容疑者になるとどう報道されるか
こんにちは。「かく企画」社員で元記者の仮面ライターと申します。
このブログ読者で事件に関わる人がどれくらいいらっしゃるかわかりません。私がこれまでに会ったことがある人の中には、起訴はされなかったものの逮捕された経験がある人たちがいます。逮捕されたことは、非常に不名誉だとは思いますが、起訴されて裁判にかけられなかったことは不幸中の幸いだと思います。
今回は、容疑者になるとどう報道されるかについて書きたいと思います。
報道の原則 逮捕時は容疑者
まず、報道の原則は、警察に逮捕されたときは容疑者です。疑いがかけられているけれど、本当に犯罪をしたかという点については未確定という段階です。
逮捕されたときは、警察を通してがほとんどになりますが、容疑者の言い分を短くても記事に書くようにしています。

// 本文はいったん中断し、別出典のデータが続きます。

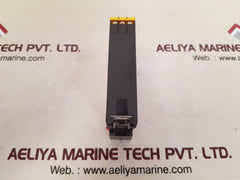 Eberle sbb flashing relay 0545 31 144 590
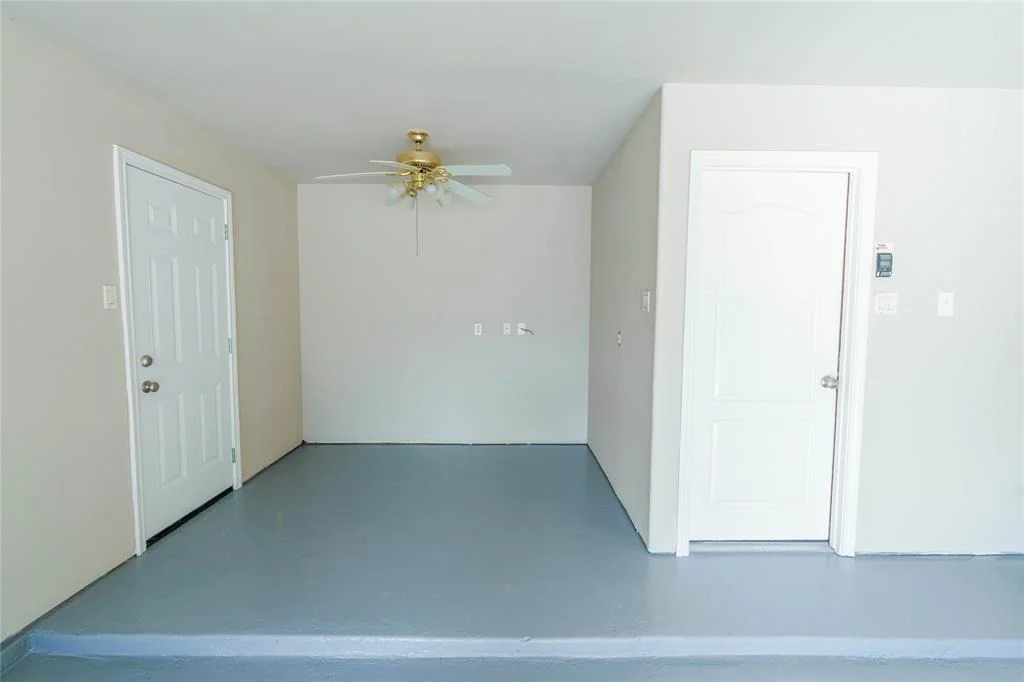 Photo of 5910 Hatfield Glen Drive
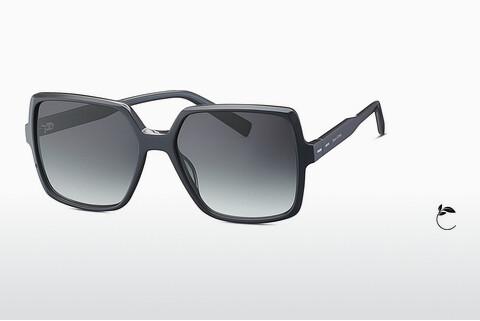 Sunglasses Marc O Polo MP 506207 30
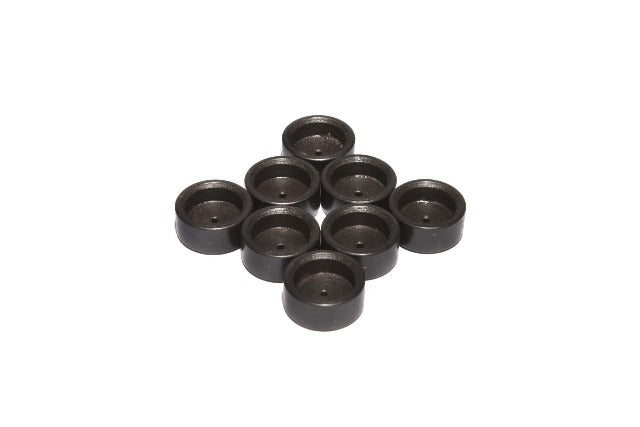 Competition Cams 621-8 Valve Lash Cap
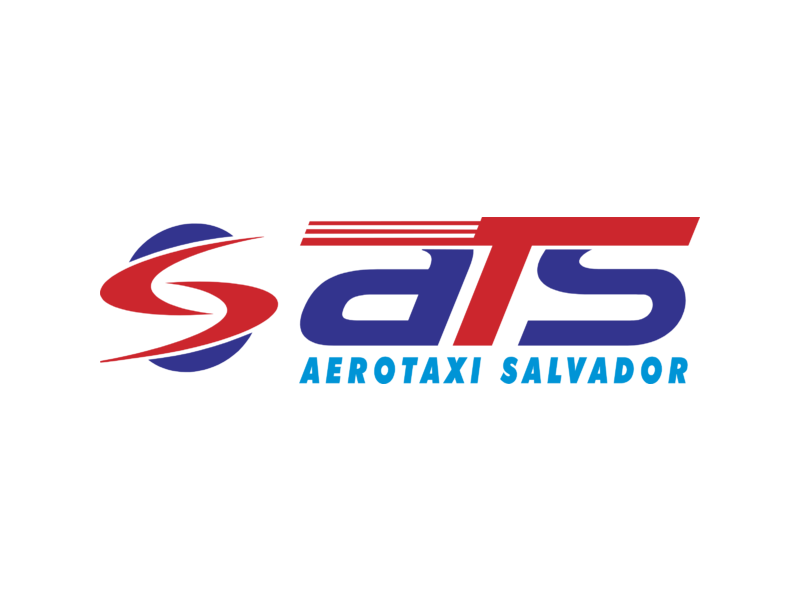 Detail Ats Logo Nomer 11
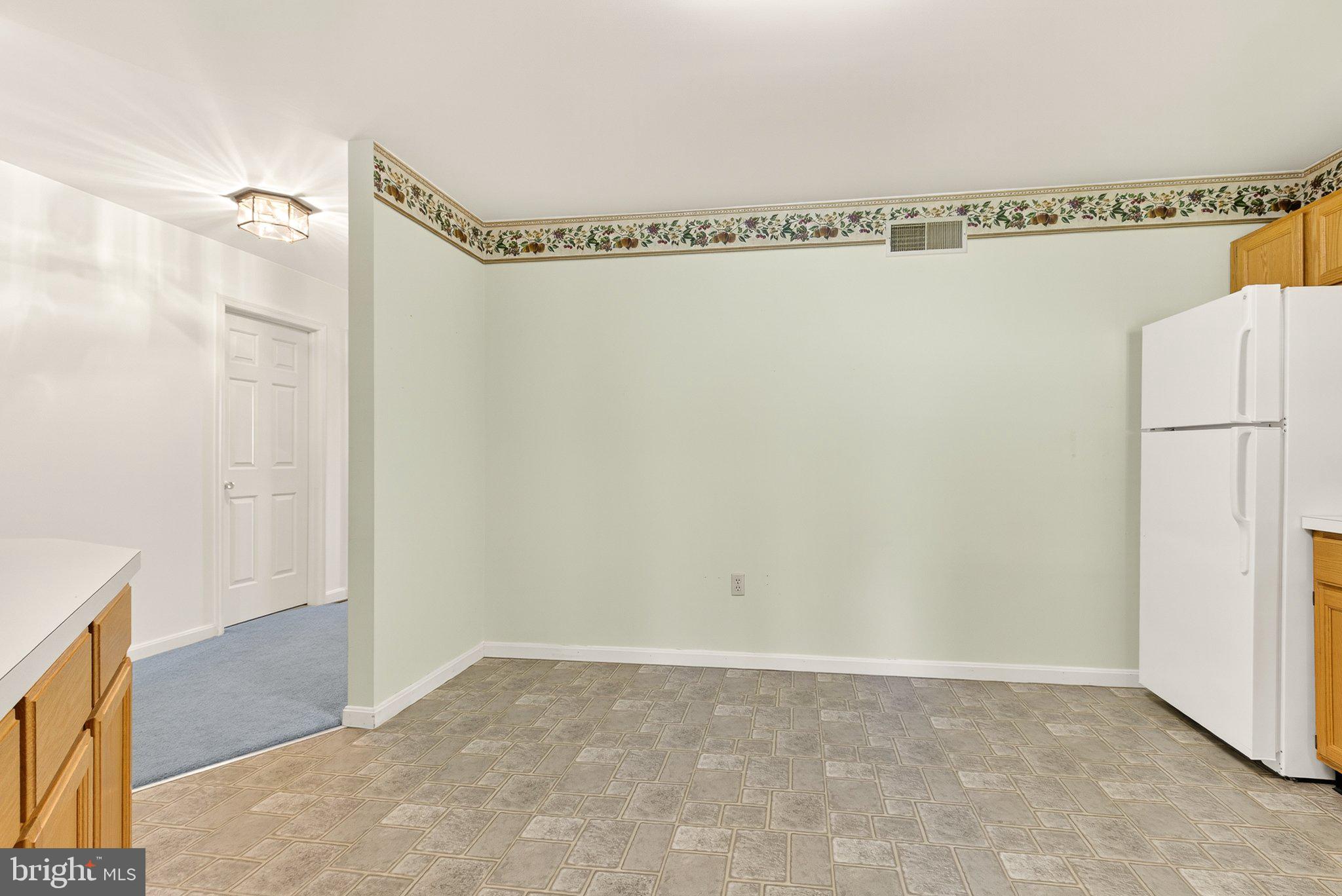 BEACON HILL - Residential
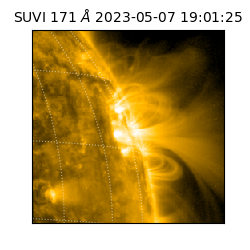 suvi - 2023-05-07T19:01:25.076000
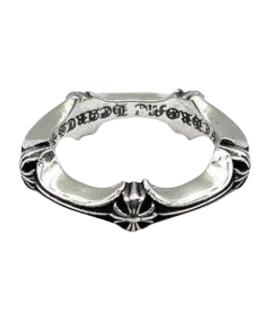 CHROME HEARTS Кольцо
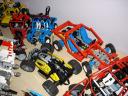 dsc01269.sized.jpg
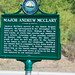 Andrew Mcclary Photo 12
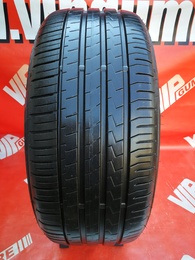 235/45R17 Falken Ziex ZE310 EcoRun FR 1db-os!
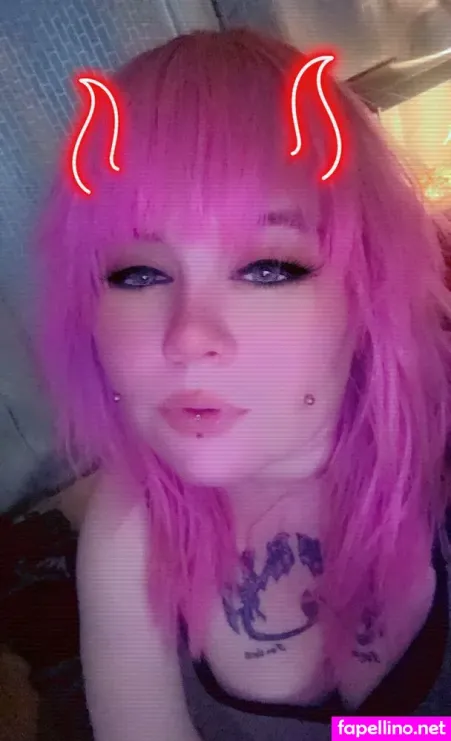 Bit777 OnlyFans Thumbnail #csYHQTDyxX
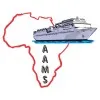 Alpha Africa Maritime Solutions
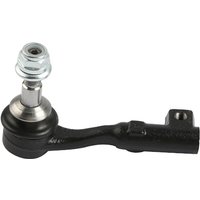 Tie Rod End - Lh DRIVETEC Fits: BMW M440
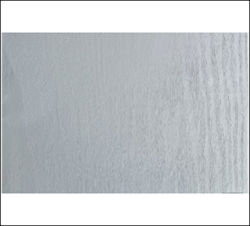 Pdd-302 DEKORON 90 см/8 м дерево белое с молочным оттенком тиснением  дорожка																							 00122607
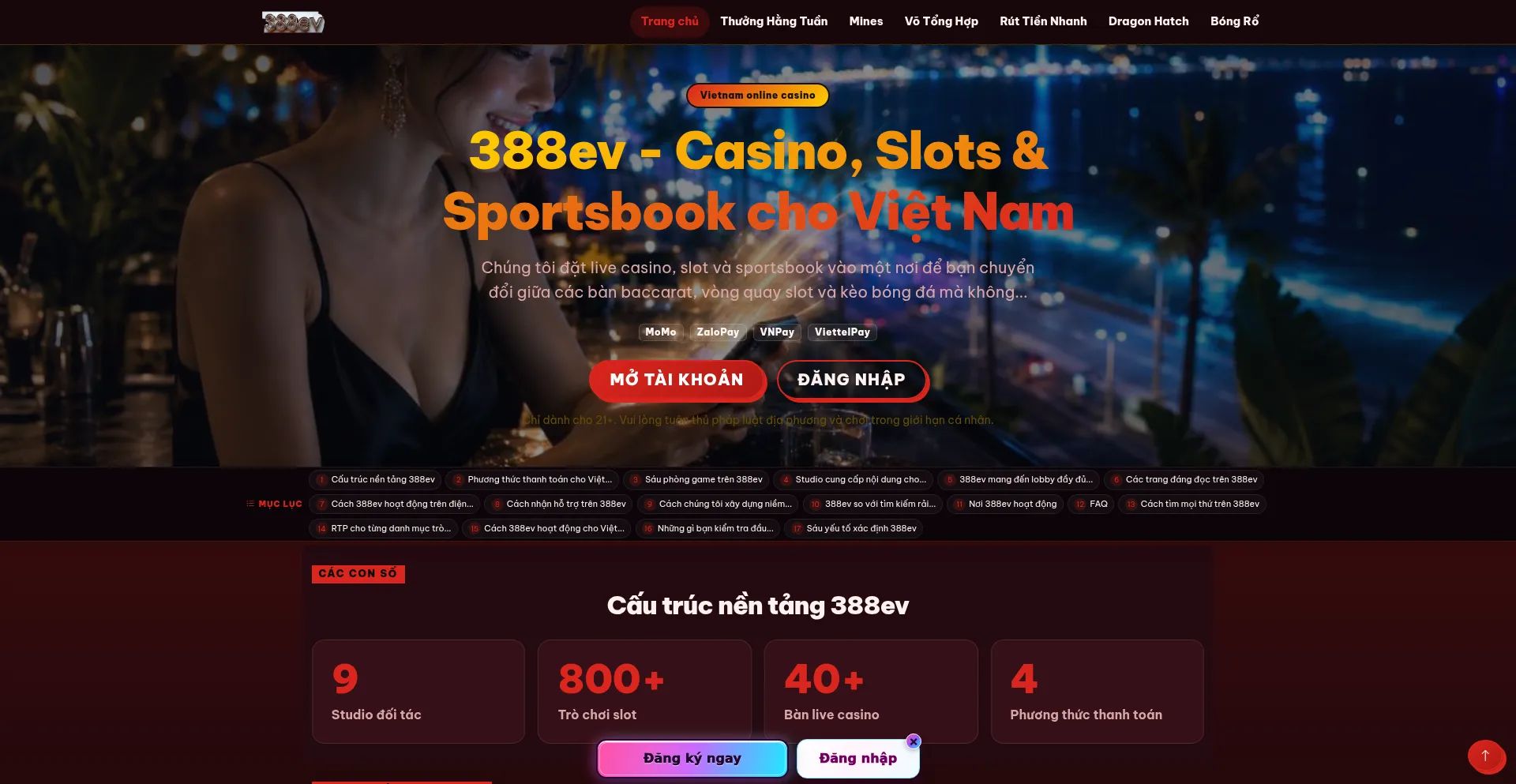 388ev.com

このことに関連して、過去にこのブログでは次のような記事を書いています。
逮捕前は、実名で報道される可能性は低いです。実名で報道することによって、その人がなんらかの犯罪に関わっているという社会的イメージを植え付けないように、相当な理由がない限りは実名で報道されません。
逮捕後は結構えげつない報道になる
逮捕されると一変します。マスコミは、容疑者の近所の人や親戚、仕事の関係者など、どんどん取材していきます。実際は、逮捕前から取材を進めていて、警察が逮捕すると、これまでにためていた取材内容を報道し始めると言った方が正確かもしれません。
容疑者側からすれば、まだ疑いをかけられている段階ですが、報道は、ほぼ「クロ」判定という印象を持つかもしれません。
私の苦い経験ですが、ある被害者が殺され、逮捕はされていないものの親族が疑われていました。実際に、その人物に会ってみると粗暴な感じ。警察も本人、周辺の聞き込みを進めていたので、私はこの親族をクロだと思っていました。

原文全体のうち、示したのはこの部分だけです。